YouTube Kids is has reached the terrible twos. Released in 2015, the free app attempts to eliminate the unseemly parts of YouTube by offering only cartoons, educational shows and other kid-friendly content. Of course, the internet being the internet, people are making fake videos with disturbing content — Peppa Pig drinking bleach, Spider-Man urinating on Elsa from “Frozen,” “PAW Patrol” characters enjoying a strip club — that are slipping through Google’s filters.

Is it no longer safe to park your toddler in front of YouTube Kids while you make dinner? To put the issue in perspective, Google told me that less than 0.005 percent of videos have been removed from YouTube Kids in the past 30 days.

No automated system, Google’s algorithms included, is perfect, but the YouTube Kids app offers a few parental controls that can help reduce the risk of your child stumbling across objectionable content.

Beyond parental controls, one missing feature that could eliminate the risk is playlists. It would be helpful to set up a playlist of videos you’ve screened yourself. If your kids are like mine, they enjoy repeated viewings of their favorite shows and wouldn’t mind being restricted to a playlist of prescreened videos.

That aside, here are a few steps you can take to make YouTube Kids a bit less of a minefield.

Turn off search

YouTube Kids lets a child search by typing or speaking, but being able to search for videos puts a greater number of them within reach. Disable the search function, and your kid will be recommended a smaller fraction of videos selected by Google’s algorithms. According to The New York Times, “Most of the videos flagged by parents were uploaded to YouTube in recent months by anonymous users with names like Kids Channel TV and Super Moon TV.”

To turn off search, tap the lock icon in the lower-right, enter a passcode, tap Settings, tap your kid’s profile, and then toggle off Search settings. You can set up separate profiles for each of your kids, which lets you enable search for one but not the other.

Screenshot by Matt Elliott/CNET

Set custom passcode

To get into settings, you need to enter a four-digit passcode by simply entering the numbers that are spelled out on the Parents only screen. If your child can read, you might want to set a custom passcode that would prevent them from getting into settings and re-enabling search. On the Parents only screen, you’ll find a button to set my own passcode.

Screenshot by Matt Elliott/CNET

Report and block objectionable videos

If your child comes screaming into the kitchen after finding a disturbing video, you can block it so it won’t resurface again later. You can also report it. YouTube Kids has a team that reviews flagged videos around the clock. I suggest you both block and report videos you find offensive.
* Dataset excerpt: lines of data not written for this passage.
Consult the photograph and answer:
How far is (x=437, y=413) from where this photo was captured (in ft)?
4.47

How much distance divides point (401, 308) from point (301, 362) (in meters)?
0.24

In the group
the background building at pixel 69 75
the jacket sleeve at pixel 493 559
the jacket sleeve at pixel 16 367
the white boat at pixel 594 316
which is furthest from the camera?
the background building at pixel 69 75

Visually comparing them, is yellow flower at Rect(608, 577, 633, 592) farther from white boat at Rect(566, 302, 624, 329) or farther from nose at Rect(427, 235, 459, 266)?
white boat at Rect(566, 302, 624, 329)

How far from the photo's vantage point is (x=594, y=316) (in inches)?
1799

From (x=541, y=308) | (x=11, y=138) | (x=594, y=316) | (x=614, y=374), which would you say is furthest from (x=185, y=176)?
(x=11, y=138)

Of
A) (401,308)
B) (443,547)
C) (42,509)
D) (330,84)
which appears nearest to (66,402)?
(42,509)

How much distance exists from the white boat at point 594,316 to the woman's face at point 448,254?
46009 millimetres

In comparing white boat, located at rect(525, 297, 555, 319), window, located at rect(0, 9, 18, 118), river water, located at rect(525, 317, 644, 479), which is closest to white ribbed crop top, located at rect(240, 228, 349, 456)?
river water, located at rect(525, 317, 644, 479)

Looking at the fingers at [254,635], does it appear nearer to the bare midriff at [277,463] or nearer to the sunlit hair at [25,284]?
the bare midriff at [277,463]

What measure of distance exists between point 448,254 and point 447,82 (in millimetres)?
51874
To block a video, tap the triple-dot button and then tap block. You can block just the video you are currently watching, or if you think the publisher is fishy, then you can block the whole channel.
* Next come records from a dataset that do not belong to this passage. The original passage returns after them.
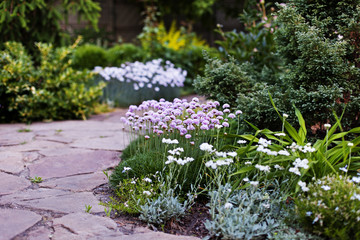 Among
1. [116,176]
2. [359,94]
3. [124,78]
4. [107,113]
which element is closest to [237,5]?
[124,78]

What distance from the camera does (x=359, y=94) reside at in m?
3.22

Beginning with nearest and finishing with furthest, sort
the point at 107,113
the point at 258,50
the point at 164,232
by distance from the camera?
the point at 164,232 < the point at 258,50 < the point at 107,113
Screenshot by Matt Elliott/CNET

To flag a video, tap the triple-dot button of the video that’s playing and then tap Report. You can report it as having inappropriate audio, inappropriate visuals or other.

Screenshot by Matt Elliott/CNET

Switch to Nick Jr., Noggin or another app

YouTube isn’t the only source of video content on the internet. If the current situation with YouTube Kids has you freaked out, switch to another kid-friendly video app such as Nick Jr., Noggin or PBS Kids. You could also use Netflix — you can set up a “for kids under 12” profile that’s separate from yours. Because you certainly don’t want your kids watching “Mindhunter” any more than you want them to watch Peppa Pig drink bleach.